To summarize our take on the first E of the 3E’s, that of Engineering as a solution to manage the current traffic problem, we find the following:

  1. We need to engineer more roads to compensate for the increased vehicular volume, thus the “Build, Build, Build” program of the Duterte government will alleviate the traffic congestion in the long run;
  2. We should learn from the example set by Malaysia about long-term solutions for the traffic problems;
  3. Government should scrap the UVVRP or Numbers Coding since it does NOT work.
  4. UVVRP does more harm than good. It actually increased vehicular volume instead of reducing it.
  5. As a side effect, UVVRP caused a big parking problem in the metropolis.
  6. We should support the idea to move the seat of government to Clark to decongest Metro Manila and spread employment and commerce to nearby provinces, which will decentralize businesses from Manila as well.
  7. Government should take a closer look at the MMDA and see if it can be engineered differently to help solve the traffic problem.
  8. Government planners should come up with long-term solutions for the traffic problems instead of short-term ones.
  9. Current U-Turn slots are ineffective and unsafe, and should be dismantled.
  10. Intersections should be reactivated using steel vehicular overpasses in some cases.

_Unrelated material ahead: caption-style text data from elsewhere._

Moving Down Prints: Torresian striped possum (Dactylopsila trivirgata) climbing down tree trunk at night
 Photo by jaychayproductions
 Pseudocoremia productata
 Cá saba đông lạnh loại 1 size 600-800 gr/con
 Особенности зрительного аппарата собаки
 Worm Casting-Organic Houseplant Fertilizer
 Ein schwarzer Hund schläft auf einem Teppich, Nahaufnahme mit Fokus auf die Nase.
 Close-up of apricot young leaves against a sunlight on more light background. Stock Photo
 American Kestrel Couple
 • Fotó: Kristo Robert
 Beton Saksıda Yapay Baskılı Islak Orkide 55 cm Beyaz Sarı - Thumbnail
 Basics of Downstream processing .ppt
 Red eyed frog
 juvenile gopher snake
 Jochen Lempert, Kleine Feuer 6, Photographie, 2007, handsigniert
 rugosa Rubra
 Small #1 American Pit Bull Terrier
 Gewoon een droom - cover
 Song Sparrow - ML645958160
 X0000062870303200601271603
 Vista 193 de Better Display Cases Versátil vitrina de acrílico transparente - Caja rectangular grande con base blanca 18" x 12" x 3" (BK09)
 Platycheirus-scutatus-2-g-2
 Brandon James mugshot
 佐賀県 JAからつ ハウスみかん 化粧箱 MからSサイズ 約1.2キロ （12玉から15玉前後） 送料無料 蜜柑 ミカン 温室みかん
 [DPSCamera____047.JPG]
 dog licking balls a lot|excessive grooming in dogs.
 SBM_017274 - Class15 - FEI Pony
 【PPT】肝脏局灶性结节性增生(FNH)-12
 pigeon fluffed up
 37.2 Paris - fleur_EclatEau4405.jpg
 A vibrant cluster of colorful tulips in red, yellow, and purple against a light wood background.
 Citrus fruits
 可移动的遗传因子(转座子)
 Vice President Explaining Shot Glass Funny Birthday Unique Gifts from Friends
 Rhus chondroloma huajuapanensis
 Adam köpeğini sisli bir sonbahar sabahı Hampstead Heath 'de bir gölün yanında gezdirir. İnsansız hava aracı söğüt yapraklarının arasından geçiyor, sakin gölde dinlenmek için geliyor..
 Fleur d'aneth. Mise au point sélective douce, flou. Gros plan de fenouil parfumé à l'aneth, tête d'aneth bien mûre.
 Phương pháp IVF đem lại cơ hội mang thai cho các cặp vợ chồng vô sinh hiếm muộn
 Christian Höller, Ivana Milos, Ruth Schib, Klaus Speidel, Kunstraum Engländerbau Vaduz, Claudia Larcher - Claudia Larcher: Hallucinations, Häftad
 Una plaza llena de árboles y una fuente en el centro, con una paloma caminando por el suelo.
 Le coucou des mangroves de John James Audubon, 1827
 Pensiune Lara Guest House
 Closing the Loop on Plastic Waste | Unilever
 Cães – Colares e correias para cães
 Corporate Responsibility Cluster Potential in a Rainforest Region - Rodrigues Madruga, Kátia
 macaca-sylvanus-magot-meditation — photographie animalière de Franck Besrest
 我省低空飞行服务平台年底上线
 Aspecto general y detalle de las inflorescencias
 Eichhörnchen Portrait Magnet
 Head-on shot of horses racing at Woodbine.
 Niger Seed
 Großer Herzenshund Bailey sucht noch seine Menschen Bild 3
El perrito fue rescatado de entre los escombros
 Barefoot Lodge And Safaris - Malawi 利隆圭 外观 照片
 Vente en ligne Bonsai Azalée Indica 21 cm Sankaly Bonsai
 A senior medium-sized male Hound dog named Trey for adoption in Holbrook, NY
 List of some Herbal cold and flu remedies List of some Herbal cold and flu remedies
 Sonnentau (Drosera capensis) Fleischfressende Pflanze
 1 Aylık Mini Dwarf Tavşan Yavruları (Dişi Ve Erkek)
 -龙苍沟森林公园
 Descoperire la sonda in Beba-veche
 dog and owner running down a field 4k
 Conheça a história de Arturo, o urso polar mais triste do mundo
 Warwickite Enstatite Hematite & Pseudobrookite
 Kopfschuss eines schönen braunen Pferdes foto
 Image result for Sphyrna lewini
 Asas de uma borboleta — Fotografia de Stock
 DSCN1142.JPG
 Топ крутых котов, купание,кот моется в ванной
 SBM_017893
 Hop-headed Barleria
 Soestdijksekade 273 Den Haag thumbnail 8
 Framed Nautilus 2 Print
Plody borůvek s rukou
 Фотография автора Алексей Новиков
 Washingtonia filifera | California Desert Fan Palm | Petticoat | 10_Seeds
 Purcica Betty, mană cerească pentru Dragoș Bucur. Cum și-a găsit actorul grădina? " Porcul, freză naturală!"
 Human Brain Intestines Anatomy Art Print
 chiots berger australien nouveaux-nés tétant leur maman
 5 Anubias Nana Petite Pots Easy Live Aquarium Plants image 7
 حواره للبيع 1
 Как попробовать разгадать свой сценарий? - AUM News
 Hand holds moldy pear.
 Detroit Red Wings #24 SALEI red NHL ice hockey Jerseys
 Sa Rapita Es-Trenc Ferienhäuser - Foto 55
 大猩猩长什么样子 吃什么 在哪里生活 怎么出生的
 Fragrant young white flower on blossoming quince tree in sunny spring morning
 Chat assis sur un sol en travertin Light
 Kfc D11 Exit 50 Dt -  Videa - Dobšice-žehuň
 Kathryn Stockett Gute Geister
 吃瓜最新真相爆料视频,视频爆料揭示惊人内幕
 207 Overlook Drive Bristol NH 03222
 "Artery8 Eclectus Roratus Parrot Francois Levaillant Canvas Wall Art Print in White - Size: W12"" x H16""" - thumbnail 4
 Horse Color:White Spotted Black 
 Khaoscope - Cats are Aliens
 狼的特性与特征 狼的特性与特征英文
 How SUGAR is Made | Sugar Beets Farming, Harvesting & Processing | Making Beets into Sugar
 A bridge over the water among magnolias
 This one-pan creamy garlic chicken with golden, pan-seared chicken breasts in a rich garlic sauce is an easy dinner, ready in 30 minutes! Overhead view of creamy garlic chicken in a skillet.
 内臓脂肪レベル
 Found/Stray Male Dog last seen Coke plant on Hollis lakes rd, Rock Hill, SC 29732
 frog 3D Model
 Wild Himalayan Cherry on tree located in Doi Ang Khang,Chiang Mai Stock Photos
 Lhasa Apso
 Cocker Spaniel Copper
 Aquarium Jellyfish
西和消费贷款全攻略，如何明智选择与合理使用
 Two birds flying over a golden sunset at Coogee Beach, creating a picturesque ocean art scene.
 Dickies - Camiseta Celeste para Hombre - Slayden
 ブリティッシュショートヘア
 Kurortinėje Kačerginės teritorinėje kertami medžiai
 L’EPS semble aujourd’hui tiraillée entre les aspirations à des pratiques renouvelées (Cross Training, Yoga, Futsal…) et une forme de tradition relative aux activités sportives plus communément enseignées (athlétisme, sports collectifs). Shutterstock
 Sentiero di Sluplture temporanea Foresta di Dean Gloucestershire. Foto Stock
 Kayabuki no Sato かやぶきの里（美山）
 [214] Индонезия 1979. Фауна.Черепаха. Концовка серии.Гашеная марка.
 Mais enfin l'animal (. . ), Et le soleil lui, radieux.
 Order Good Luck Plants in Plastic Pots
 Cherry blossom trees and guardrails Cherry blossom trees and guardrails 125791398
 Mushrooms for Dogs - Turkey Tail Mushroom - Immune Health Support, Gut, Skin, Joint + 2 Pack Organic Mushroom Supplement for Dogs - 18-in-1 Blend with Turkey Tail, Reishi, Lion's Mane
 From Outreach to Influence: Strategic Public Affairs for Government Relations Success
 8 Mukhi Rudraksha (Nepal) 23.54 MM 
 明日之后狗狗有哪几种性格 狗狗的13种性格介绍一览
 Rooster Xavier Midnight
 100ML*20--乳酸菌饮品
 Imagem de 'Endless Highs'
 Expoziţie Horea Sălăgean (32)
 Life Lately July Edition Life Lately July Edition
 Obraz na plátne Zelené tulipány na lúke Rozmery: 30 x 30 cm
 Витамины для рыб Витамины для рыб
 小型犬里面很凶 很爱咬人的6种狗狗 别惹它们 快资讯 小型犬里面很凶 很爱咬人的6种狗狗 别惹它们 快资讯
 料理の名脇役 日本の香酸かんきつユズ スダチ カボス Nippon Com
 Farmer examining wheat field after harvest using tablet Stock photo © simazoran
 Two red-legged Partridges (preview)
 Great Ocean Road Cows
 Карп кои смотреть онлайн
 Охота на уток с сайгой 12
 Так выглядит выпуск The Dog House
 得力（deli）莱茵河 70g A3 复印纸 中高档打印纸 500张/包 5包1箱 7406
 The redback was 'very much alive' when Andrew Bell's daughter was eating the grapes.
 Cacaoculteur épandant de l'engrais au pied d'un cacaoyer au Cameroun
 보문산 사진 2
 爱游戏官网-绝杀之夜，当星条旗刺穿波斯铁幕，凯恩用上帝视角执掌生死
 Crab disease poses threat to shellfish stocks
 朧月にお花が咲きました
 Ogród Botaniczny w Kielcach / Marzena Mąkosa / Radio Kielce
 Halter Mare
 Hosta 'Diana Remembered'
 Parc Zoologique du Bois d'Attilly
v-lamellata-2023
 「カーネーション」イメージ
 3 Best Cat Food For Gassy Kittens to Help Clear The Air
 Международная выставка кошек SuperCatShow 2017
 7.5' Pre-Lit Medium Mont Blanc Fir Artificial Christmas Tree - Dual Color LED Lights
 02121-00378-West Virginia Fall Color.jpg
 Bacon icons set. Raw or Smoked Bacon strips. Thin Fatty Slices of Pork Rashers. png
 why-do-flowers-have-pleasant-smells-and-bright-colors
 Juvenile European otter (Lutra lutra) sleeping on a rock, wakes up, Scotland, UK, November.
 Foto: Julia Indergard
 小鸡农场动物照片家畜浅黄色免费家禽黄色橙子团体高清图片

  11. Intersections should be cleared and designed better for efficient usage based on the local driving habits.
  12. Jeepneys should not only be modernized by also rationalized and regulated more closely.
  13. We should learn from the Blue Bus Lanes in Seoul, South Korea where monitoring is efficient and penalties are effective.
  14. Congress must pass a law that mandates annual TPL insurance for drivers and not the vehicles.
  15. Engineering solutions, not political ones are needed to solve the traffic problems around the country.